2) Ce responsable de traitement ou ce sous-traitant (" exportateur ") divulgue par transmission ou met autrement à disposition d'un autre responsable de traitement, d'un responsable de traitement conjoint ou d'un sous-traitant (" importateur ") des données à caractère personnel faisant l'objet de ce traitement.
3) L'importateur se trouve dans un pays tiers ou est une organisation internationale, indépendamment du fait que cet importateur soit ou non soumis au RGPD en ce qui concerne le traitement donné en application de l'article 3 du RGPD.
2. Exemples
Exemple 1 : Transferts vers un responsable, un sous-traitant et un sous-sous-traitant
Un responsable du traitement établi dans l'UE héberge ses données RH auprès d'un fournisseur de cloud dont les serveurs sont aux États-Unis.

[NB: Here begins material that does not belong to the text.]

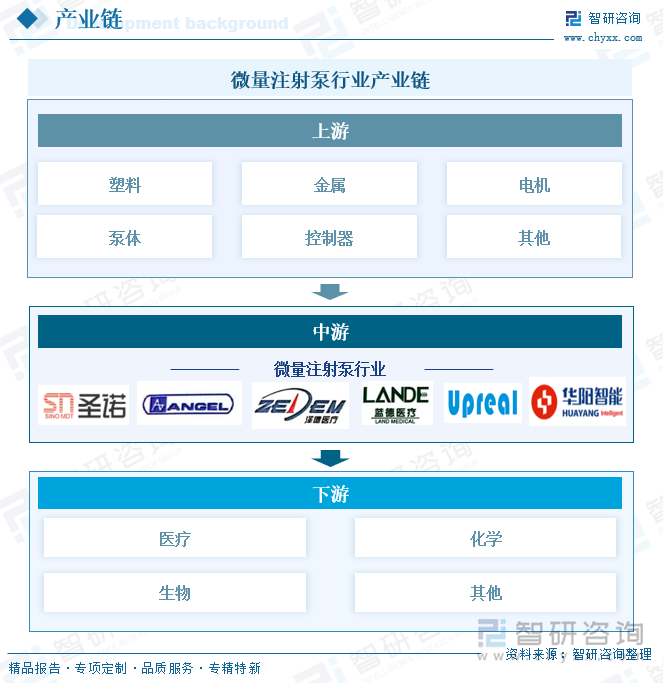 微量注射泵行業(yè)產(chǎn)業(yè)鏈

Ce fournisseur de cloud sous-traite les services de maintenance à sa filiale basée en Inde.
Il permet également à sa maison mère située en Australie d'accéder à distance aux données RH aux fins de la gestion globale des Ressources humaines du groupe.

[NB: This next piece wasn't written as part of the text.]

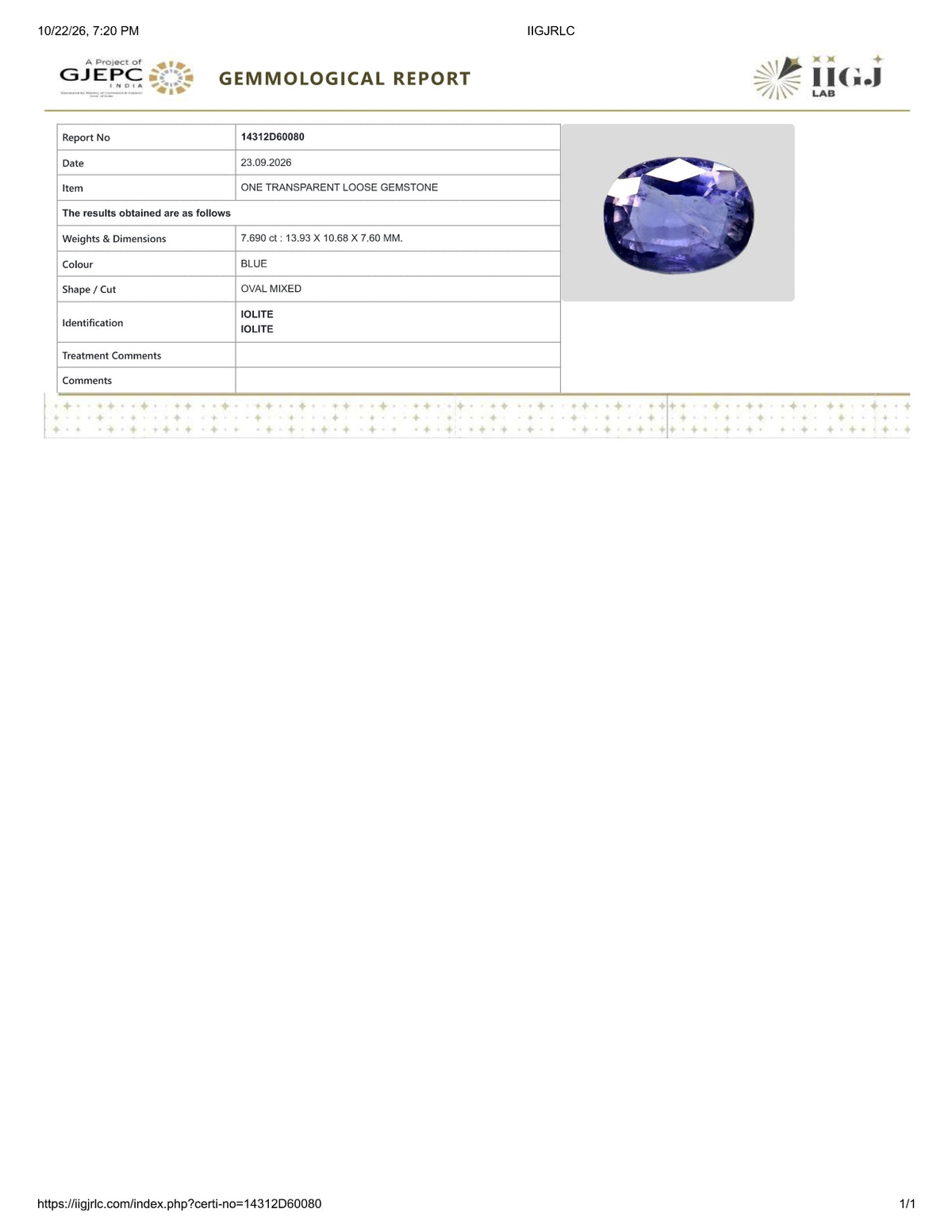 Natural Iolite(Neeli)7.69 Carats / 8.54 Ratti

Il y a deux transferts internationaux et un transfert ultérieur :
- Un transfert vers un sous-traitant aux États-Unis ;
- Un transfert vers un rseponsable du traitement en Australie ;
- Un transfert ultérieur des États-Unis vers l'Inde (qui doit être encadré de la même manière qu'un transfert international).
Si le premier sous-traitant aux États-Unis était basé dans l'UE, il y aurait un transfert international entre le premier sous-traitant dans l'UE et le second sous-traitant en Inde au lieu d'un transfert ultérieur.
Exemple 2 : Seul le sous-traitant est soumis au RGPD
Une société basée aux États-Unis demande à une entreprise française de traiter les données de ses salariés à des fins d'analyse.
La société française étant soumise au RGPD, le renvoi des données de la société française à la société américaine est également considéré comme un transfert international. (Même si la société américaine n'est pas soumise au RGPD pour ce traitement spécifique).
Cependant, la garantie à mettre en œuvre serait beaucoup plus limitée dans ce cas car les obligations du sous-traitant en vertu du RGPD sont assez limitées (c'est-à-dire essentiellement assurer la sécurité des données; voir ici).
Exemple 3 : Aucune partie n'est située dans l'UE/EEE
Une société établie aux États-Unis sans établissement dans l'UE/EEE exploite un site web depuis les États-Unis, qui s'adresse aux consommateurs de l'UE.
Une équipe basée au Brésil assure la maintenance du site web/base de données.
La société américaine étant soumise au RGPD dans la mesure où elle offre des services à des personnes situées dans l'UE, le transfert des États-Unis vers le Brésil est un transfert international de données.
Même si cela n'est pas explicitement indiqué dans les lignes directrices du CEPD, nous sommes d'avis que si les fournisseurs informatiques au Brésil étaient situés aux États-Unis, cela serait également considéré comme un transfert vers un pays tiers dans la mesure où les États-Unis sont un pays tiers du point de vue de l'UE.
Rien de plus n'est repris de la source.